Toentertijd ook vluchtte puteri Gunung Ledang met al haar kameniersters en dienaressen naar de binnenlanden van Melaka. Al het bezit van de mensen van Melaka was voorgoed verdwenen, want dat verwierf de Frank allemaal. De mensen sloegen op de vlucht zonder nog te denken aan wat ze aan bezit mee zouden nemen, wilden ook alleen maar het vege lijf redden toen ze zich rot schrokken terwijl ze allemaal diep in slaap waren, en konden meestal alleen het vege lijf redden zonder zich zelfs in hun omslagdoek te wikkelen.
Puteri Gunung Ledang begon het enorme oerwoud in te lopen, tot dichtbij het land van de Batakkers19. Daar werd puteri Ledang door alle ministers van de Batakkers opgevangen en tot raja van het land Batak aangesteld. Meer verhalen zijn er niet bekend over hoe het puteri Gunung Ledang tot nu toe is vergaan.
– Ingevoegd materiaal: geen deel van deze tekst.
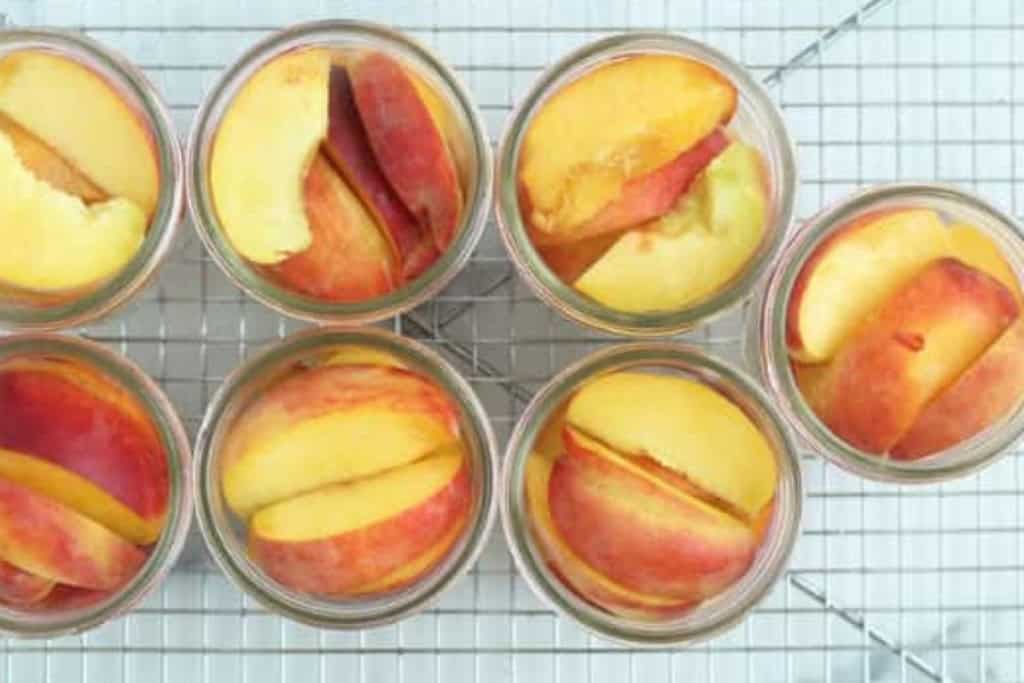 Canned peaches in glass jars without lids.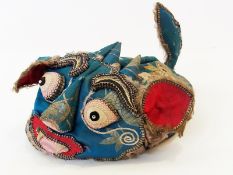 Oriental silk embroidered hat in the form of horned face, with applied ears, eyes and nose and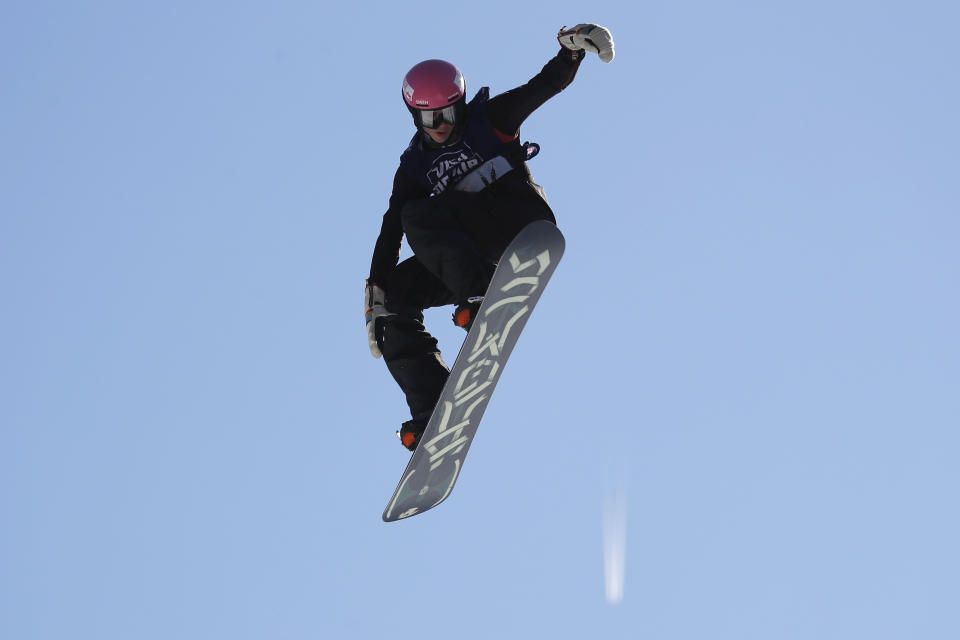 A snowboarder practices for the Big Air Atlanta snowboard and ski competition at SunTrust Park Thursday, Dec. 19, 2019, in Atlanta. (AP Photo/John Bazemore)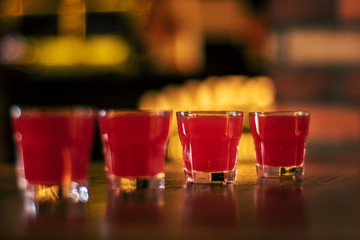 Wall Mural - red vodka shots on wooden table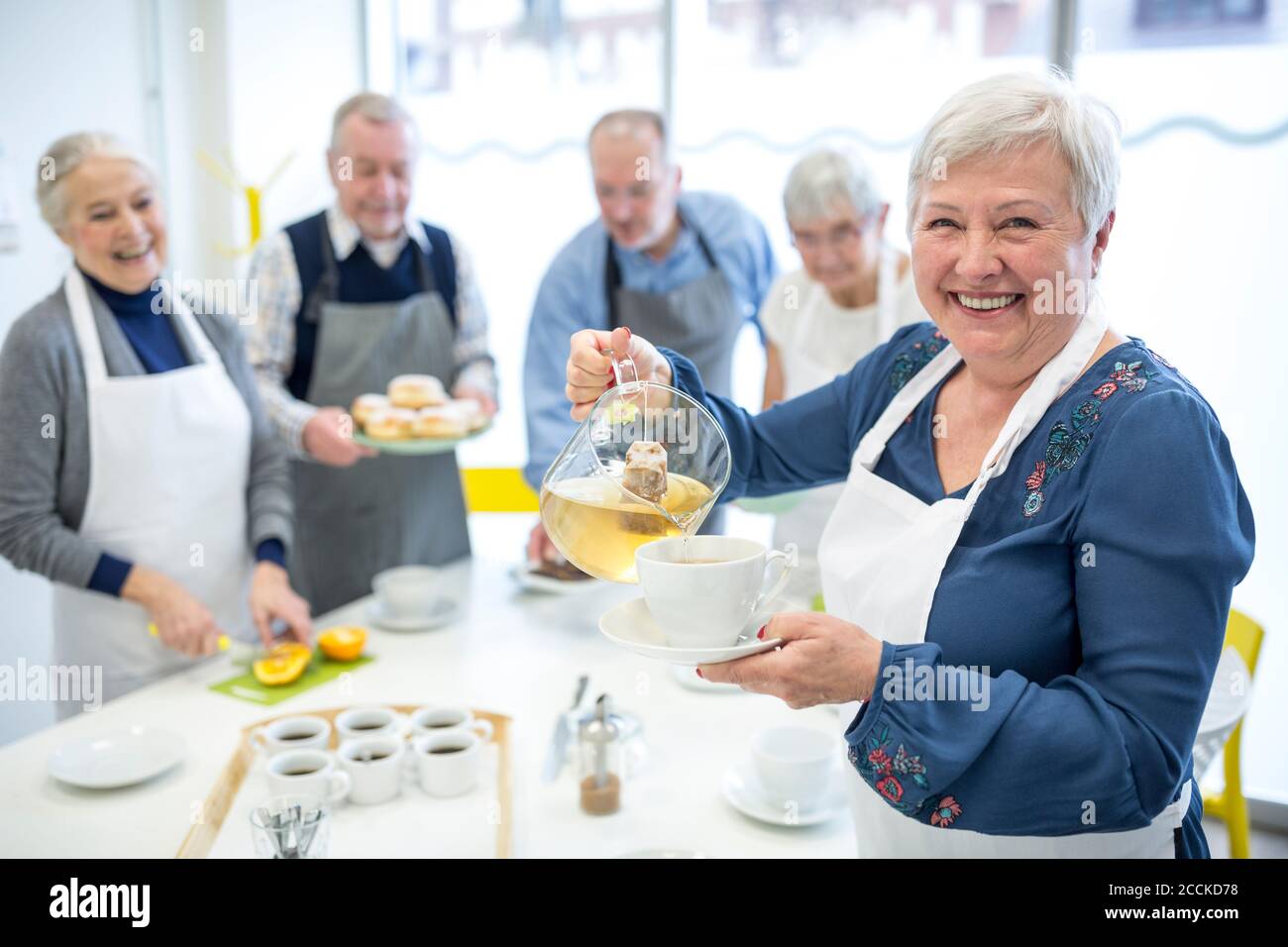 Ältere Frau gießt Tee in der Tasse für Kaffee Party in Altersheim Stockfoto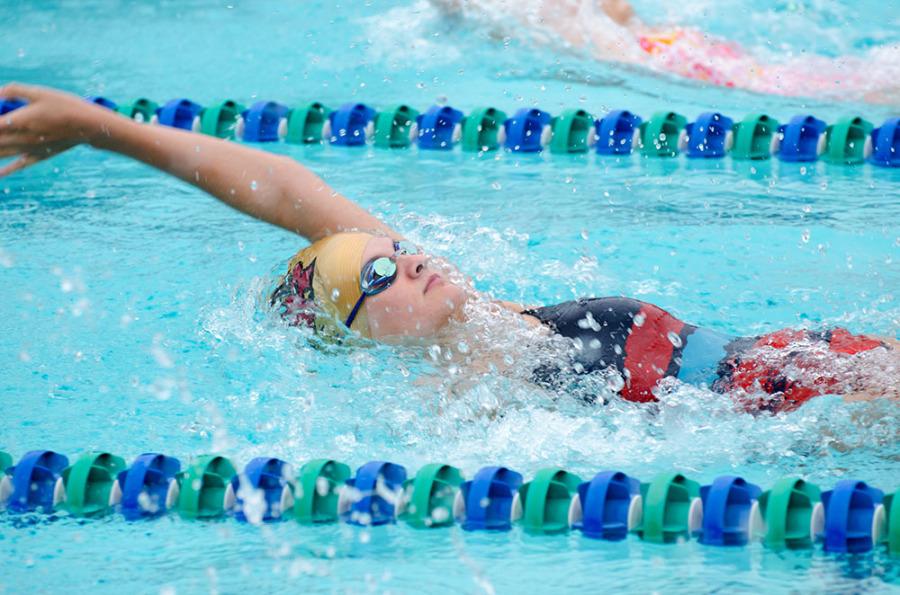 Natalie Saul swims backstroke at the Blockhouse swim meet against Meridian and Leander High School, Sept. 13.
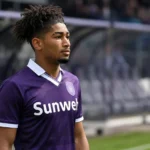 Nathan-Dylan Saliba in een paars voetbalshirt langs de zijlijn van een stadion.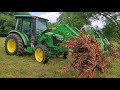 Greg is using tractor grapples to clear brush.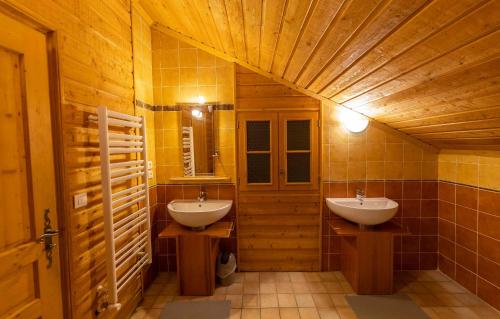 a bathroom with two sinks and a wooden ceiling at Odalys Chalet Diane in L'Alpe-d'Huez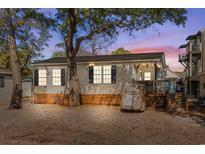 Charming single story home with a front porch, and mature trees in a well-maintained yard at 6001 - N84 S Kings Hwy., Myrtle Beach, SC 29575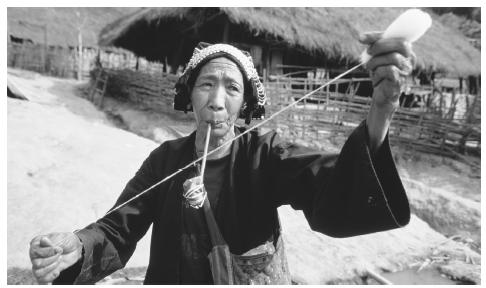 An Akha woman hand spinning wool. Though women have made many advancements in Thailand, they are concentrated in lower-paying jobs.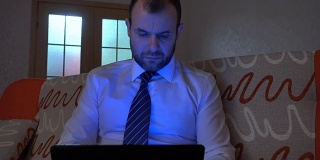穿着白衬衫，系着蓝领带的严肃男士晚上在家用笔记本电脑工作。在笔记本上工作，晚上坐在沙发上。
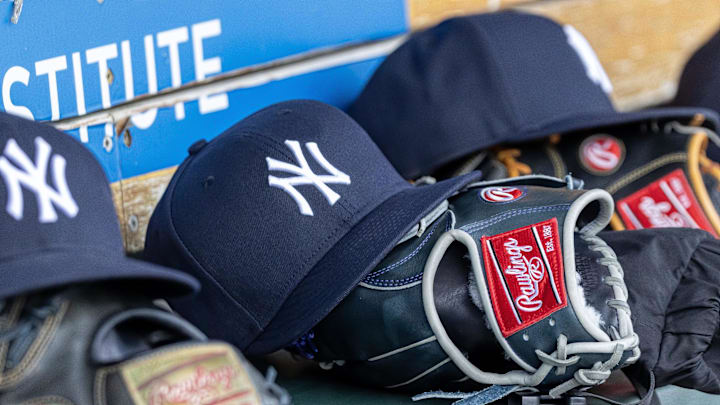 Apr 7, 2025; Detroit, Michigan, USA; New York Yankees baseball hats and gloves in the dugout out in the eighth inning against the Detroit Tigers at Comerica Park. Mandatory Credit: David Reginek-Imagn Images
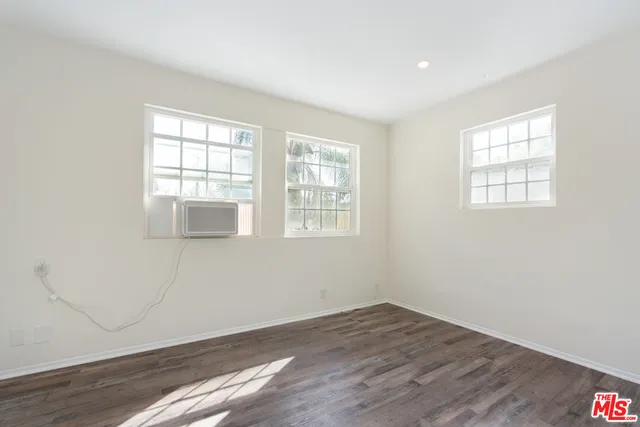 an empty room with wooden floor and a window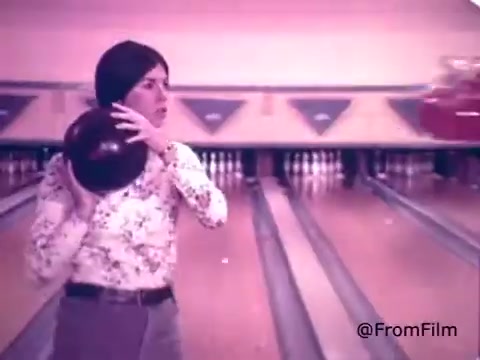 The still depicts a scene from a 1970s Kool-Aid commercial featuring the Kool-Aid Man. In this moment, a young woman is poised to bowl in a bowling alley, holding a bowling ball. The atmosphere is vibrant and playful, capturing the energetic spirit often associated with Kool-Aid and its mascot, the Kool-Aid Man. The setting reflects the leisure activities of the era, emphasizing family and fun.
Voorts waren de raja van Melaka, de bendahara, de temenggung en de laksamana al in afzondering gaan leven boven op de berg van kaap Jugra en werd nergens vermeld of ze dood waren of verdwenen, niemand die het wist, behalve Allah de verhevene, zijn naam zij geprezen. Geen schepsel zou het, naar men zei, ter ore komen.
Vervolgens –toentertijd was de vlucht voor de Frankische vijand al achter de rug– brachten bendahara Tun Amat20, temenggung Tun Karim21 en laksamana Tun Kadim22 met alle ministers, ambtenaren en notabelen uit Melaka het hele volk bijeen en alle goederen die alle mensen bij elkaar maar konden dragen. Ze begonnen onmiddellijk daarna naar het verste punt van het grondgebied te lopen dat Johor heet. Na onderling overleg besloten ze in Bintan hun opwachting te gaan maken bij sultan Mahmud. Sultan Mahmud sprak de vorstelijke woorden: 'Ik draag bendahara Tun Amat op weer met zijn allen terug te gaan naar het verste punt van het grondgebied, daar te gaan wonen om de grond te bebouwen, en ik draag hem op heel het uiteengevallen volk bijeen te brengen en daarmee vervolgens de grond te bebouwen.'
Nadat het land bebouwd was, kreeg het de naam Johor, het Veilige Grondgebied. Sultan Mahmud vertrok met het hele volk uit Bintan om zich in dat land te vestigen. Zo kwam het nageslacht uit Melaka terecht bij de mensen van Johor en is daar tot op de dag van vandaag nog te vinden.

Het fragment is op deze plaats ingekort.